You talked about authenticity when you were talking about your voice -- that it’s more about authenticity and then I think there was a jazz reference? You talked about moving into the negative spaces...

Yeah, something like that. Appreciating space as much as -- yeah.

I want to talk about all your influences. You brushed up against Los Angeles in the 1960s, your father’s jazz collection was important to you, the East Village art world, the experimental music world. Can you talk about some artists outside of rock 'n' roll who had a strong impact on you as somebody in a band?

What do you mean? Other people outside rock 'n' roll?

Somebody who is outside rock 'n' roll who had an impact on the work that you did in the band.

The artist Dan Graham influenced me in different ways. He turned me onto Greil Marcus’ "Mystery Train." That book was really influential and I think I was inspired to write some lyrics like “Brother James” from that. Reading about Jim Morrison and Robert Johnson. I started playing music as an art because Dan Graham had this performance piece called “Mirror Audience Performance” [“Performer/Audience/Mirror”] where he would stand in front of this huge mirror that reflected the audience and he would describe the audience looking at him. Then he would turn around and describe himself very self-consciously in the mirror with the audience looking at him.

Anyway, he wanted to do it with an all girl group and he asked me if I wanted to do it. He introduced me to this girl Miranda and we asked Christine Hahn who was playing with this band with Glenn Branca called [The] Static with Barbara Ess. We formed a trio and we performed. He wanted us to do something where we would do a song then each one of us would take turns interacting with the audience in some way, which we sort of failed to do. We were sort of nervous. I forget what we did but it was really fun. That was kind of how I started playing music in New York. When I met Miranda Stanton, we started playing in this band. Blah, blah, blah.

Before that, you lived in Los Angeles, and you say that a lot of people ask you about L.A. in the '60s. You say that California or the West Coast makes you think of death or decay. It seems like Los Angeles is a lot more noir than sunshine for you.

You know, it is, symbolically. The western movement. It’s like you’re actually moving west towards the setting sun, which is kind of symbolic of death and dying. It’s sort of like the furthest edge of the United States. There’s a lot in L.A. about things being new and you’re not reminded of anything that’s decaying or death. Newness is a huge part of the American culture in general and I just feel like L.A. really epitomized that.

But at the same time, there were also a lot of dark things going on, whether it’s in Hollywood and the whole Manson thing, ‘69. A lot of kind of subtle looks one way on the outside-- it was more really like what it symbolized in terms of thinking about the early suburbs. People moving west searching for opportunities but also escaping. Are you, like, reaching for possibilities?

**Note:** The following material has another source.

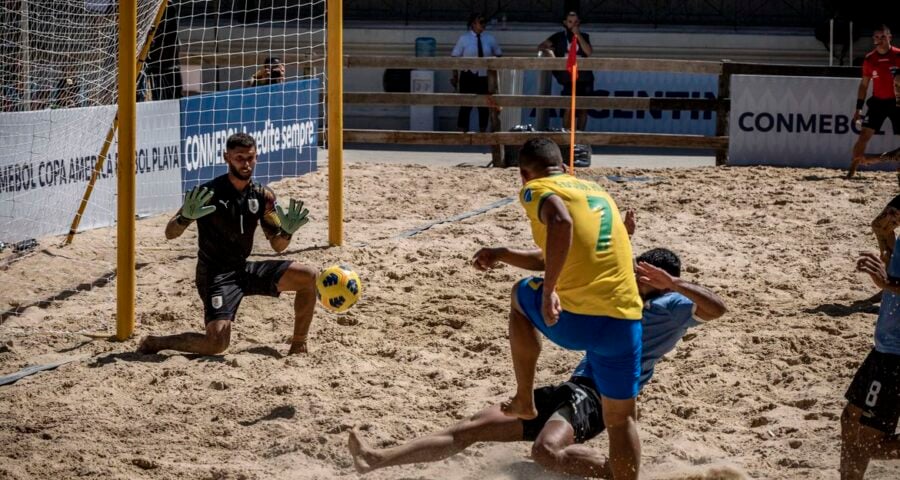 brasil vence urugual Copa América de beach soccer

In the Gold Rush and all that -- I have family from the Gold Rush with that whole idea of getting fortune found under a rock and that whole kind of thing. That’s really prevalent throughout Hollywood and lot of other things that influence American culture.

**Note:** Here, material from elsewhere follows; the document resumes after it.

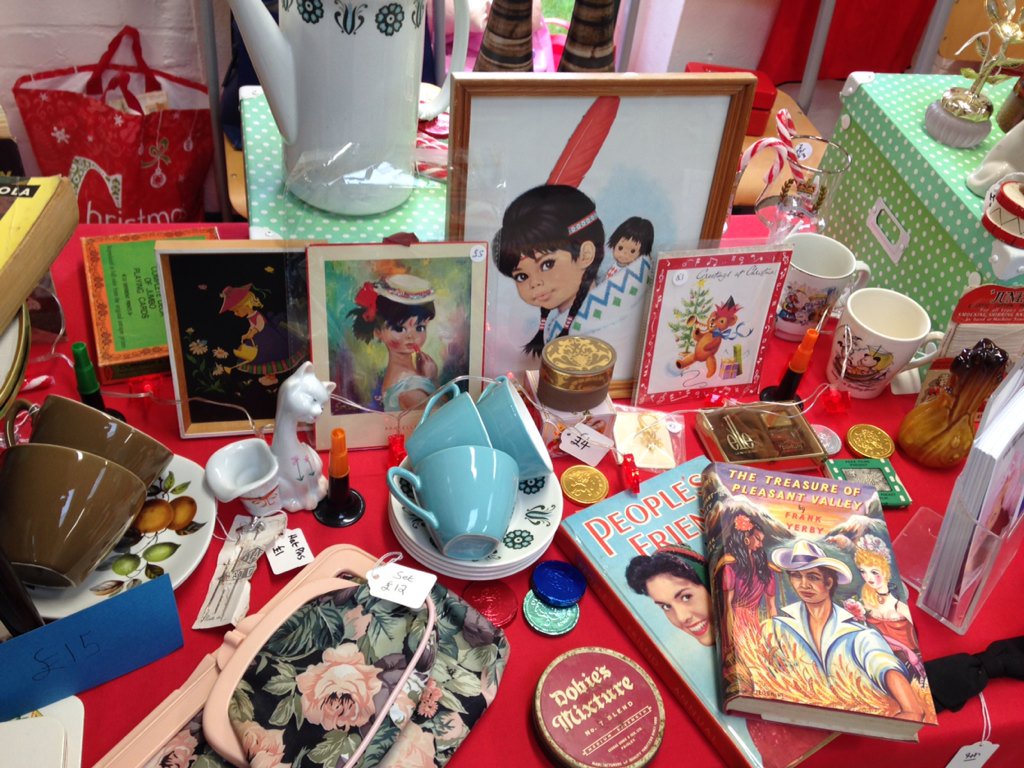 Great day <a href="/vintagelovefair/">Little Vintage Lover Fair</a> @HoltHallNorfolk <a href="/SwingOramic/">swingOramic</a> <a href="/ControlTowerNC/">Control Tower B&B</a> <a href="/nthnorfolknews/">North Norfolk News</a> #vintage #antique #holidays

I think a lot of people who see the pictures of you in the book when you’re young -- you look so much like a California golden girl. Were people surprised by those early pictures of you?

Well, I guess some people were, like on a surfboard or something. In a way, I was surprised because I was like, "Oh, my gosh. My daughter does look like me.” I’m thought of as very East Coast or New York.

I also wanted to ask you about your brother because your brother comes up a lot in the book. It sounds like you had a really complicated relationship with him and that he was really difficult person to grow up with. He was hard on you and kind of tortured you, but you also seem to have adored him in a lot of ways. How do you think he shaped you?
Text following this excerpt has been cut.